◆ **Exercise prompt**:
Shown below are entries with pictures; the line with "Giant Screen Grid Screen" through the line with "Nike Air Force" is the span to retype exactly, and the pictures stay out.
Start of Data to use
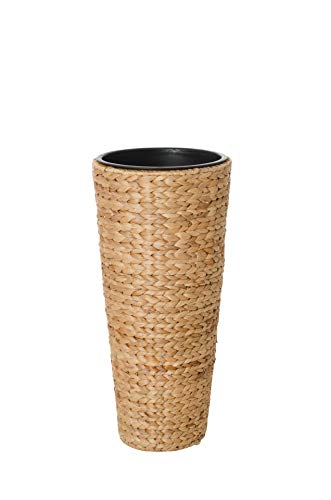 Vivanno Einzel Pflanzkübel Blumenkübel aus Wasserhyazinthe Classic Round 60 cm, Natur Cover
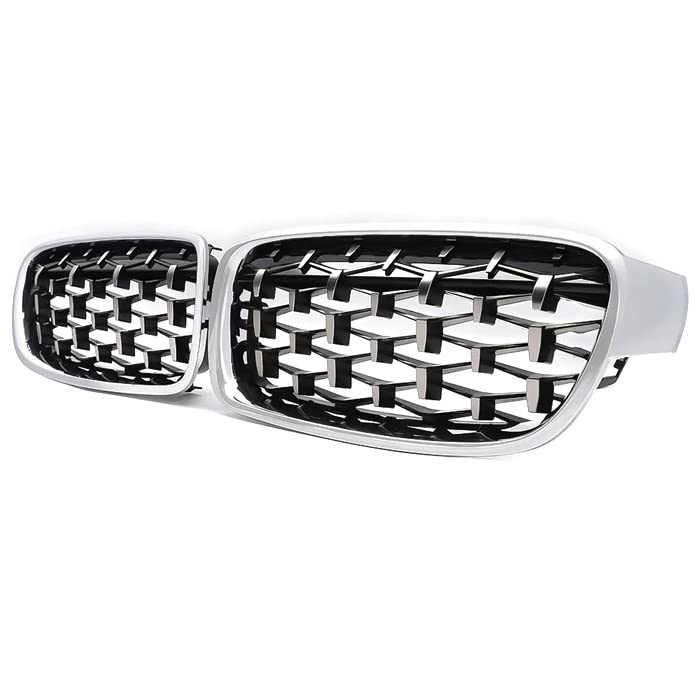 BMW 3 серии F30 F31 Diamond Ранний и Поздний Совместимый со Всеми Левая и Правая Передняя Решетка Кастомные Аксессуары Решетка, Модели, Годы, Комплект, Решетка,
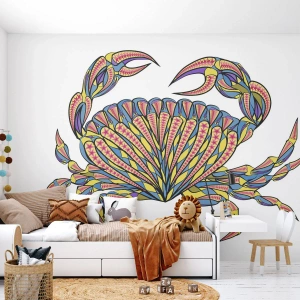 Fotomural Premium Canvas - Joyas del mar - Cangrejo, Para niños, Gráficos - 350x256 cm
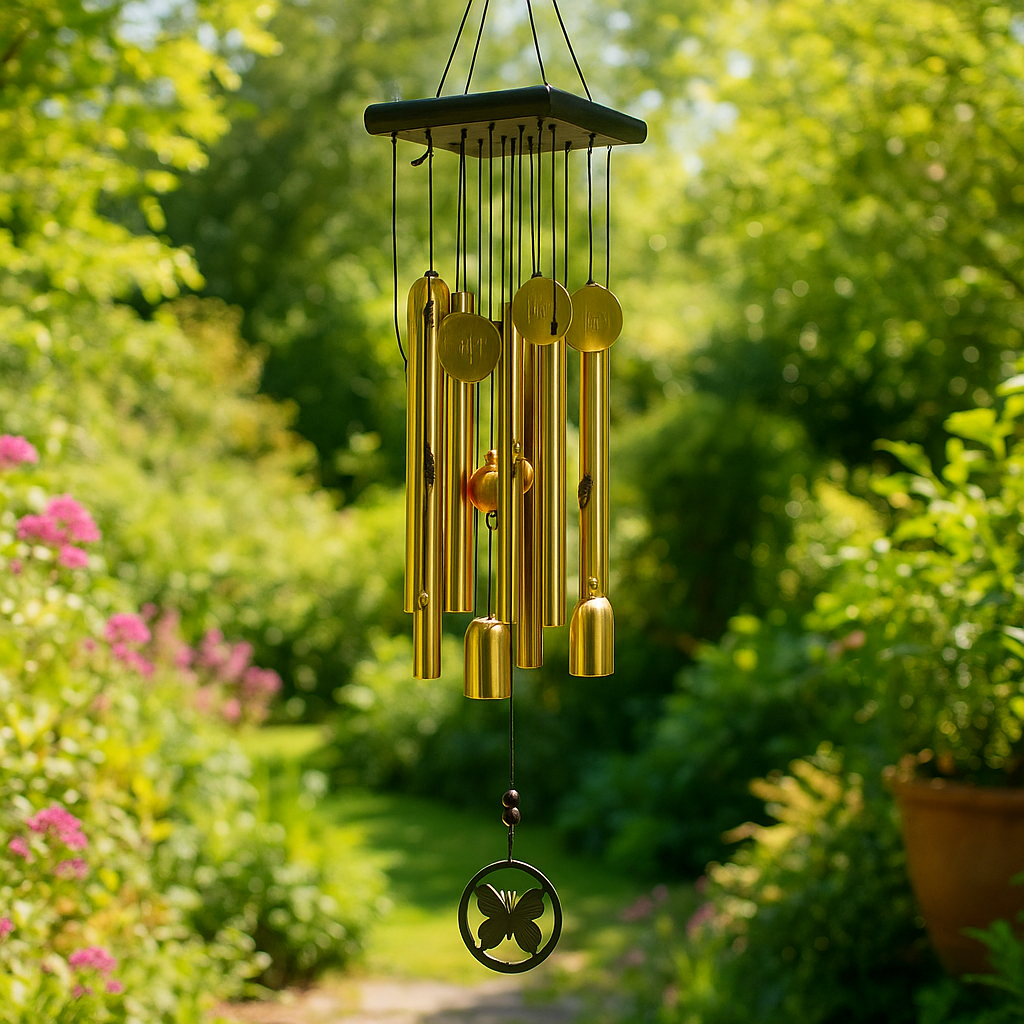 Carillon Suspendu en Cuivre – Décoration Sonore Élégante pour Jardin et Terrasse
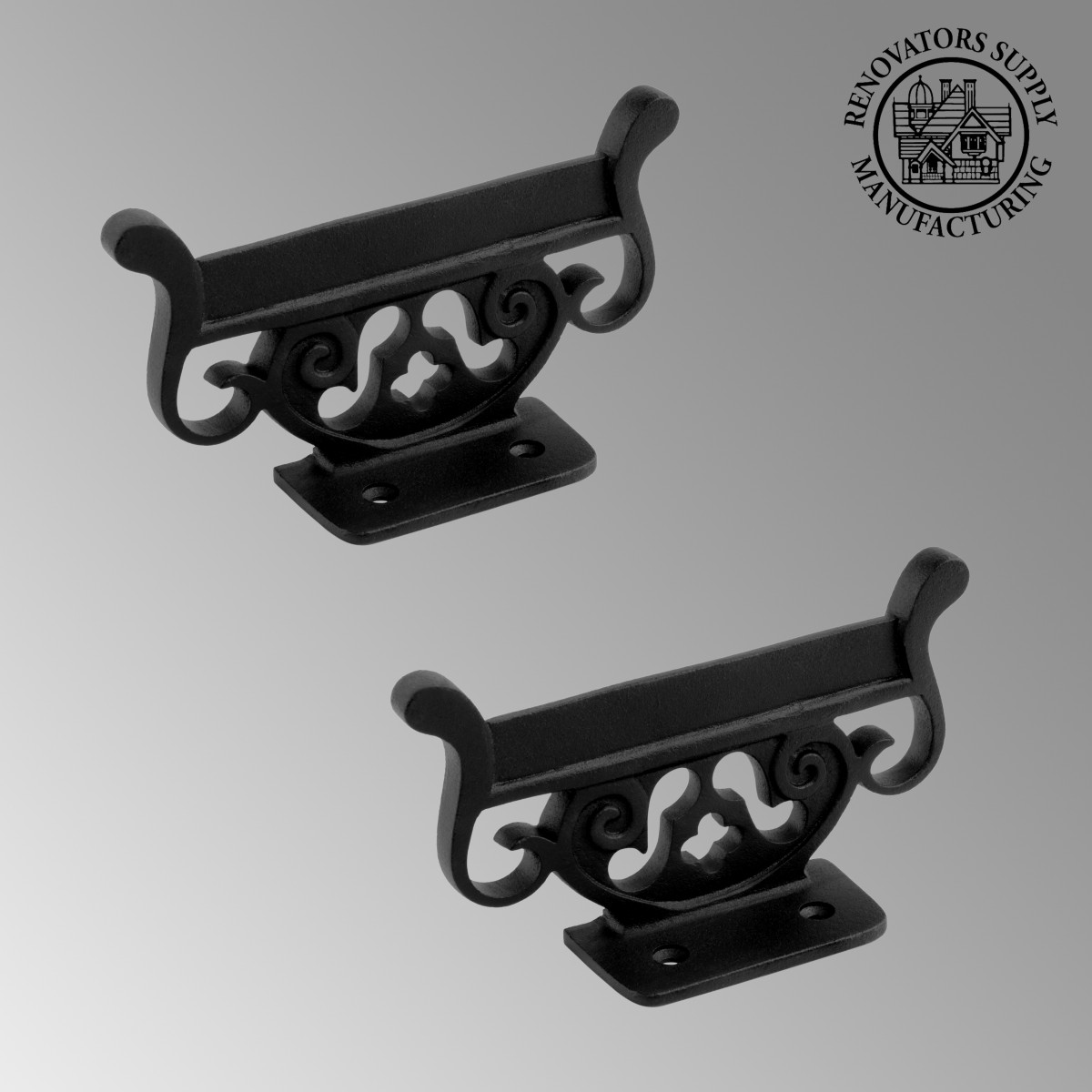 Antique Vintage Boot Scraper Black Wrought Iron Pack of 2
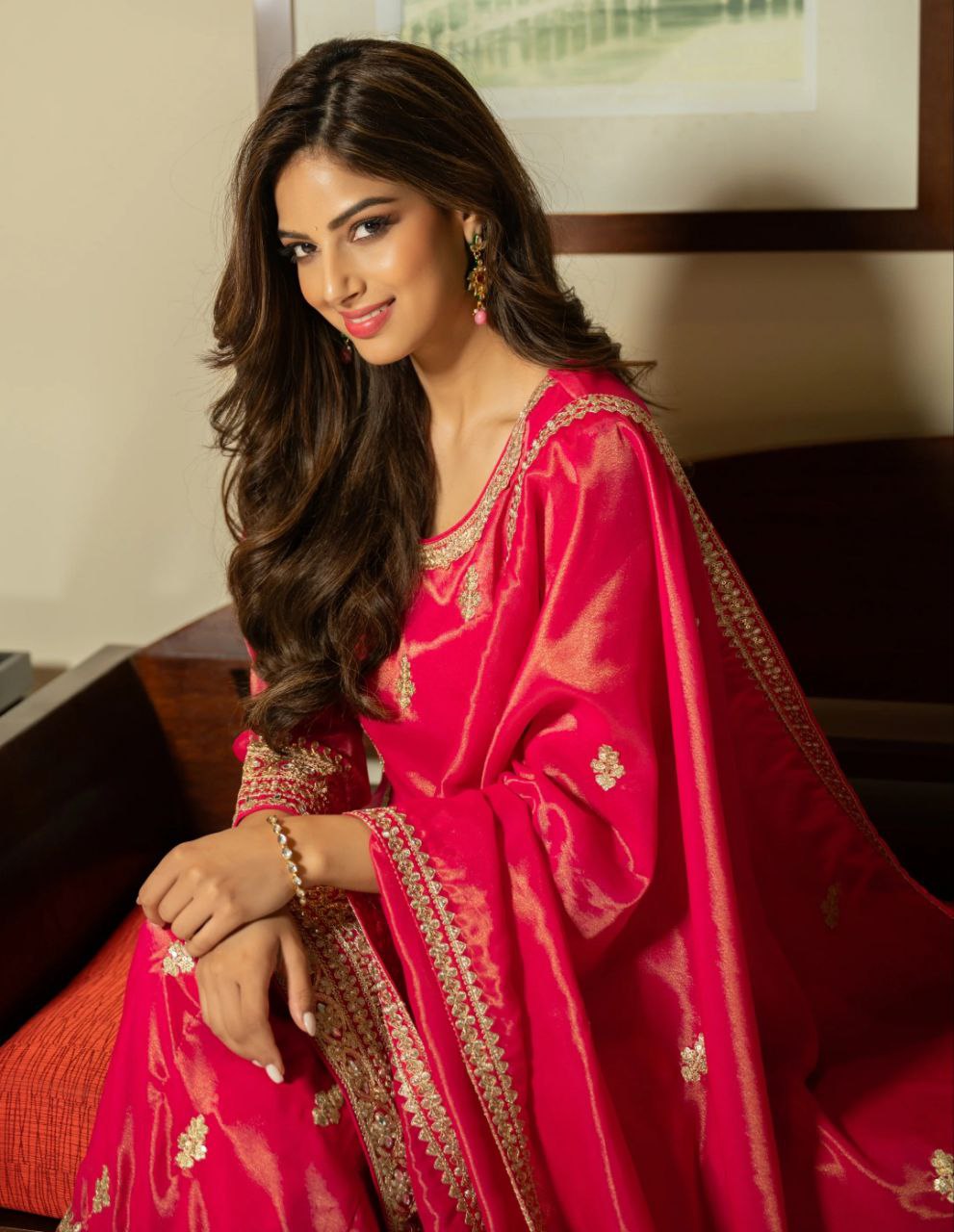 Stunning Embroidered Sharara Set – Designer Festive Wear
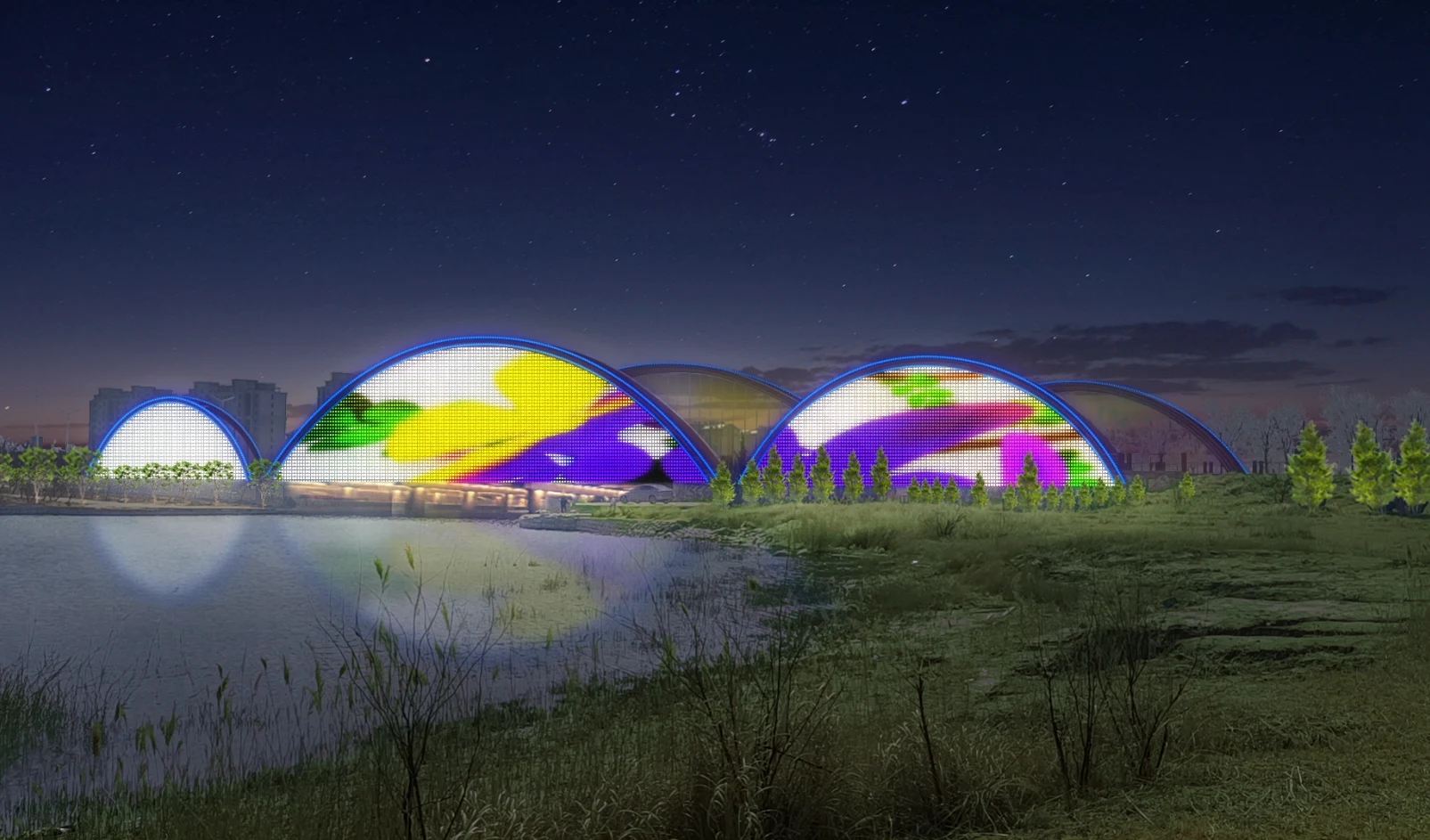 Giant Screen Grid Screen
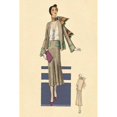 thumbnail image 3 of Vintage Fashion 11x14 Black Modern Framed Museum Art Print Titled - Stylish Daytime Suit and Scarf, 3 of 5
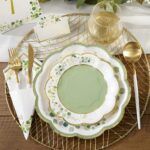 Kate Aspen Sage Green Party Decorations, Eucalyptus Floral 9 in. Decorative Prem... - Image 5
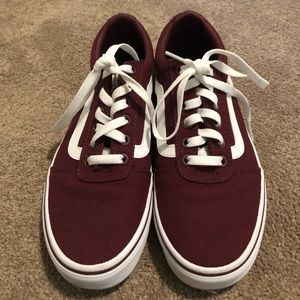 Burgundy Old Skool Vans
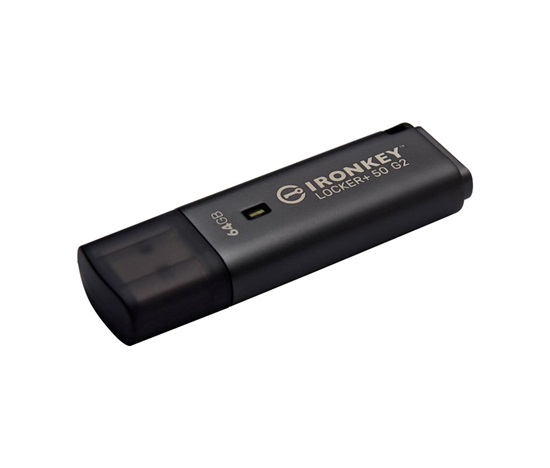 Kingston Flash Disk 64GB IronKey Locker Plus 50 G2, FIPS 197, AES-256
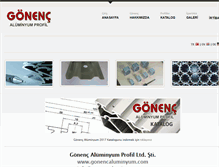 Tablet Screenshot of gonencaluprofil.com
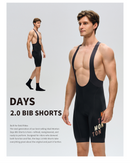 MENS BIB SHORTS DAYS BLACK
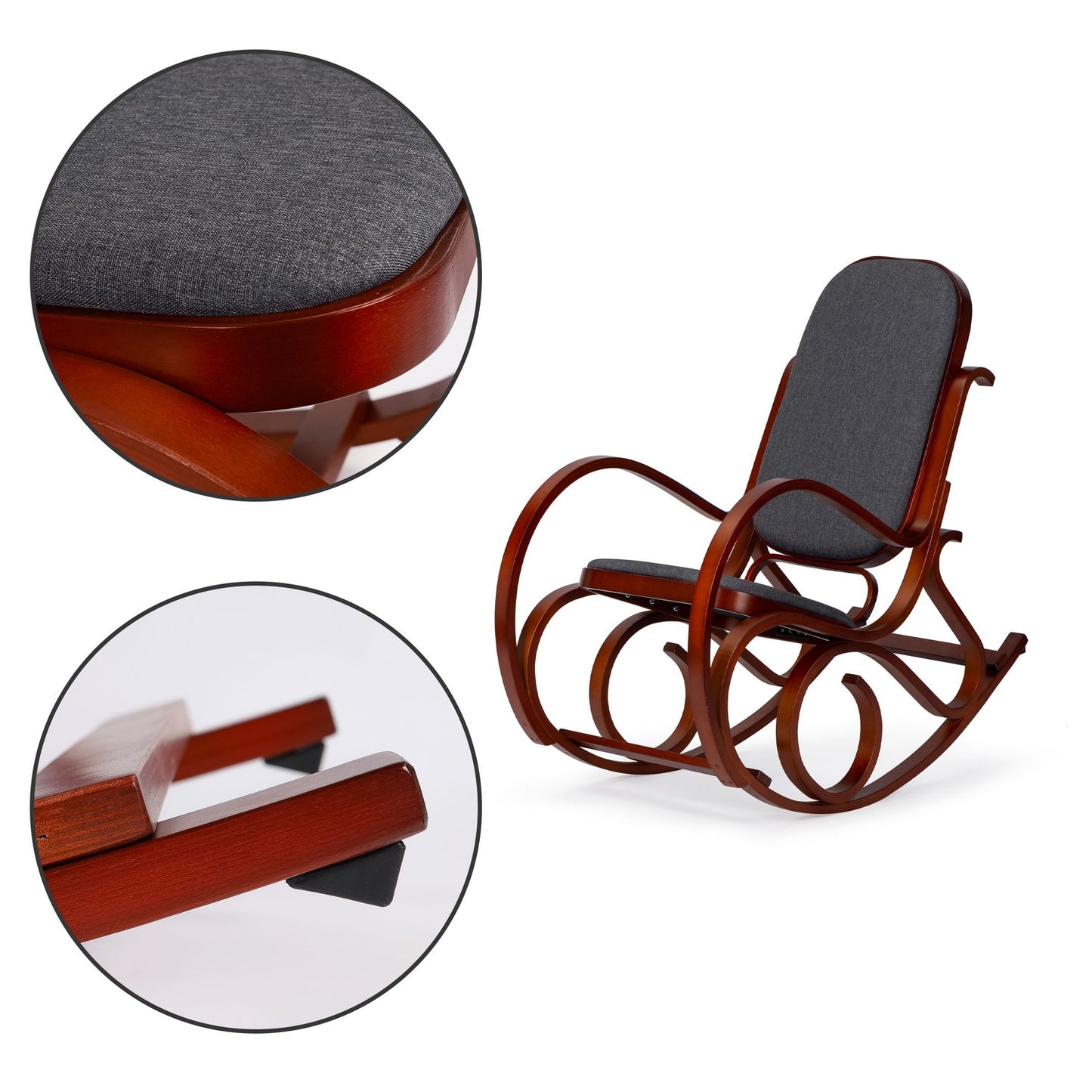 Rocking chair on skids ModernHome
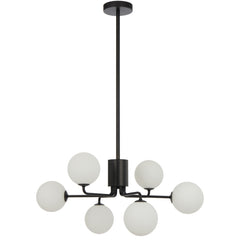TFS 6LT PENDANT 6x6wG9max KIT D650 H295 ROD:2*600+1*300 BLACK/ OPAL MATT
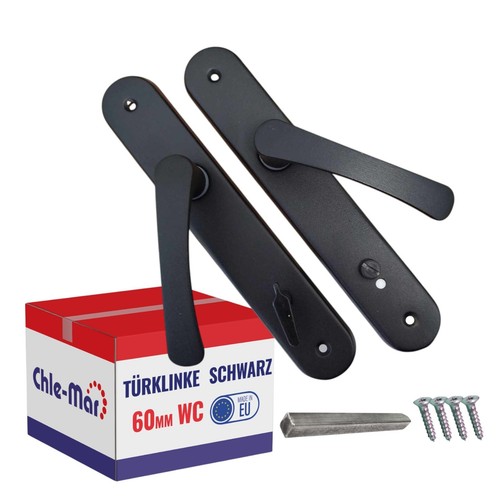 Maniglia per porta nera set - , di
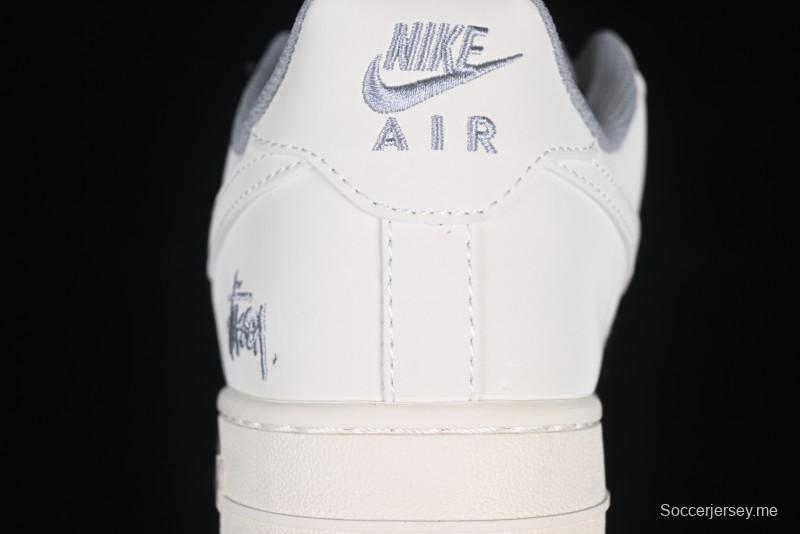 Nike Air Force 1 Low x Stussy "Light Bone and Grey" – Premium Collaboration Sneakers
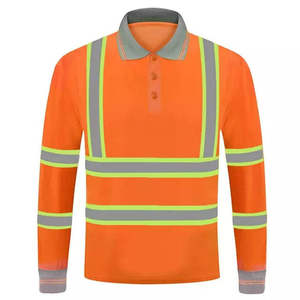 High Visibility Reflective Safety <b>Work</b> Shirt Long Sleeve Industrial <b>Construction</b> Uniform - Product Image 5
End of Data to use
◆ **Exercise answer**:
 Giant Screen Grid Screen
 thumbnail image 3 of Vintage Fashion 11x14 Black Modern Framed Museum Art Print Titled - Stylish Daytime Suit and Scarf, 3 of 5
 Kate Aspen Sage Green Party Decorations, Eucalyptus Floral 9 in. Decorative Prem... - Image 5
 Burgundy Old Skool Vans
 Kingston Flash Disk 64GB IronKey Locker Plus 50 G2, FIPS 197, AES-256
 Tablet Screenshot of gonencaluprofil.com
 MENS BIB SHORTS DAYS BLACK
 Rocking chair on skids ModernHome
TFS 6LT PENDANT 6x6wG9max KIT D650 H295 ROD:2*600+1*300 BLACK/ OPAL MATT
 Maniglia per porta nera set - , di
 Nike Air Force 1 Low x Stussy "Light Bone and Grey" – Premium Collaboration Sneakers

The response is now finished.